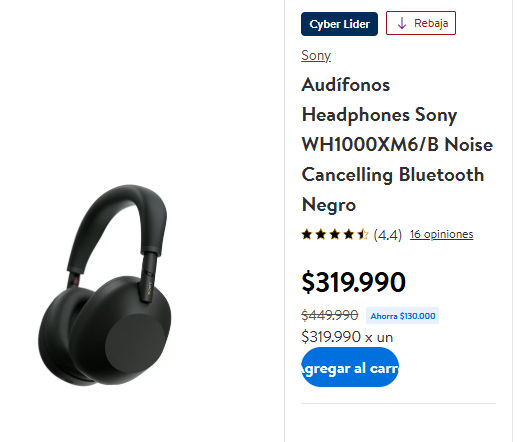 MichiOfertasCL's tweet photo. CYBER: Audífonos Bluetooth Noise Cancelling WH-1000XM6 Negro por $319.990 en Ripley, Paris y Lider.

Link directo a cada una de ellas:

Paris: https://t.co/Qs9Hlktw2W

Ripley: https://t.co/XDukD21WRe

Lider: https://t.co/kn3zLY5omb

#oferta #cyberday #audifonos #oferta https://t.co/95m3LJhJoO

-*-

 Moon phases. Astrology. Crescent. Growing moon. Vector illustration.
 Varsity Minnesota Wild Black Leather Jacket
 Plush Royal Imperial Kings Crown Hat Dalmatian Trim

-*-

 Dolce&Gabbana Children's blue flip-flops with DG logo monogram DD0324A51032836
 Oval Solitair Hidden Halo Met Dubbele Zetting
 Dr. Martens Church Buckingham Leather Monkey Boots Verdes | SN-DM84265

-*-

AIM OF THE EXERCISE -
Copy out every line from the data above in which the word "https" occurs.

OUTPUT BELOW -
Paris: https://t.co/Qs9Hlktw2W
Ripley: https://t.co/XDukD21WRe
Lider: https://t.co/kn3zLY5omb
#oferta #cyberday #audifonos #oferta https://t.co/95m3LJhJoO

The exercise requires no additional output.